What are the most important steps in the vulnerability management process? What technologies are essential?
When you start the process of managing security vulnerabilities within your organization, there are a few essential steps to make it successful, including:
1. Discover your IT assets and determine the network boundaries.
2. Organize and categorize these assets according to your organization and by business risk, for example:
- Geography / Function / Technology groups
- Classified by business risk analysis
- Remote or centralize administration with multiple user accounts
- Business Units.
4. Generate reports and prioritize remediation plans communicated to the correct stakeholders, for example:
- Executive report with global/transversal metrics
- Differential reports to measure the improvements and progress of patching.

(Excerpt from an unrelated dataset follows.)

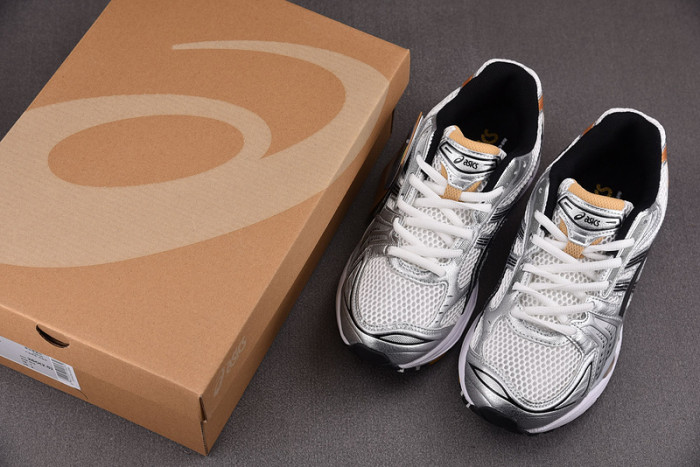 As*ic*s gel kayano 14 (silver / gold) 1201a019-102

- Implement a patch management process/technology
- Change management process is needed for production systems
- Test patches before deploying in production
- Deploy secured configuration policies
- Update security policies regularly.
While all the steps mentioned are extremely important, to get an optimal outcome you will really want to focus attention on the prioritization and reporting aspects. Specifically:
Prioritization: vulnerability scans can generate a lot of data and you can be lost in these details. In order to know where to start the process or how you can improve it, prioritize the results based on:
- Importance of the assets
- Severity of the vulnerabilities
- A risk analysis of your assets/network is a good start point: “What assets are important for my company in order for the business to continue to run without interruption?”. Then create an inventory of these applications and assets that are the most important to your business operations.
In regards to essential technologies, look for:
Scanning technology/architecture that is:
- Scalable and easy to deploy: As your network will change over time (company growth, acquisitions, re-organization etc.) you need to have a scanning technology that can easily evolve and adapt to support these changes.
- Accurate: no false positives in order to focus on real vulnerabilities that need to be fixed
- Universal: should support all the OS’s and products deployed in your company in order to one solution that can give you the coverage you need.